One problem with loading overlays is if an AXI transaction is in progress while you change overlay. THe transaction never finishes and can hang the bus. If you have video running this can happen frequently - video in/out can be constantly writing data to memory, so the chance of reloading the overlay while a transaction is in flight is high.

Could this be happening in your case? If there is no Overlay running before you program yours, is there something in your overlay that could be hanging one of the AXI interfaces?

Cathal

2 Likes

I have misspelled it (video->vivado).
It’s happening when loading the overlay. Nothing is loaded before. It never passes the loading overlay line. I have tried to print a line after this which was never executed. Both terminal interface and jupyter froze and I had to restart the board.

What do you mean by this, I couldn’t understand properly. the project before has a lot of IPs in the vivado project. It was running okay. after implementing another axi iic, I am facing this problem. But how axi transactions will start even before the bitstream is loaded?
Thank you for the reply. I will try removing the IP and try again. I will update if the problem persists.

1 Like

I’m speculating. If for example the PS tried to write something to your design (e.g. a MMIO translation on the AXI GP port) and your design doesn’t respond, that could hang the AXI interface. The PS would wait for a response which it never receives.

I think I would try add an ILA to the PS-PL interfaces, and check if any transactions are hanging after you load the overlay.
If you only changed one IP between a previously working design and this one, that is an obvious place to start looking for problems.

Cathal

2 Likes

I have loaded the previous bitstream, it is working. But if I try to load the bitstream with AXI IIC, the board frooze. I am still a bit confused, how ps will start a transaction before giving any command to it.
I will follow your guidance and will check if there is any transaction.

If there is nothing running on the PS side, then it won’t start a transaction randomly.

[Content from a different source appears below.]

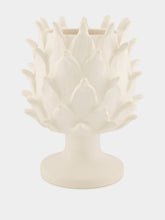 Jean Roger Matte White Artichoke Ceramic Vase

This is why I gave the example of video IP in the PL running and writing back to memory. This would be the PL triggering a problem on the AXI HP ports.

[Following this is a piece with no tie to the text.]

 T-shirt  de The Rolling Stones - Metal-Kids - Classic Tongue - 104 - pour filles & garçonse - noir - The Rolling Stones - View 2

What SPI slave is your AXI SPI connected to? Do you try to load any driver load for the attached slave when you load the overlay? This would be an example of how the PS could trigger this issue. i.e. if the driver tried to communicate with the slave and it was at the wrong address or the controller did not respond.

As I said, I’m speculating. It could be a different problem.

Cathal

Hi,
As a side note, if you experience lots of bus hangs and you are using a Zynq Ultrascale sytstem, there is a watchdog that you can enable.
It’s not good for production, but in debug it saves hours of reboots.

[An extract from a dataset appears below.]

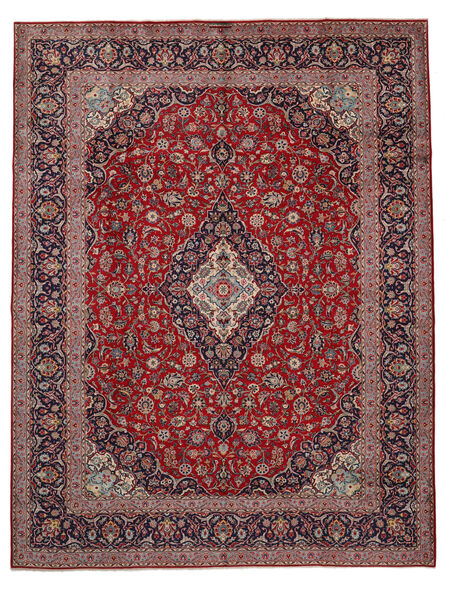  Persisk Keshan Teppe 312X405 Mørk Rød/Svart Stort (Ull, Persia/Iran)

Also, to synthesize what Cathalmccabe said: it happens when you access an AXI address where no slave is answering. You must find which program is doing this.
This could a running software that you forgot to stop before uploading a new bitstream.
Also, at boot there is a led-blinking program, and if you are fast enough you could upload a bitstream before it complete and cause the same error. So make sure the leds are done blinking before you do anything or disable it with systemctl stop bootpy.

I am using AXI IIC (not spi) which is connected to PMOD (this is the new one). There is another axi iic that is connected to a deserializer through high-speed pins (FMC LPC).
also, I have an encoder that is connected to PS IIC through PMOD2.

There is smbus library imported, but not initiated anything before loading the overlay.

I will try and findout how to use it.

I am just guessing, it is from the custom axi lite interfaces which have given some problems before as well. Removing some registers from them has solved the problem before (though I could not understand how). Now I think after implementing AXI IIC it’s again somehow led back to the previous state.

Nothing I know of, if there is any default ones apart from those.

It always happens to me :sweat_smile:. I always forgot and had to restart the board. Now I wait until the all lights up if I remember.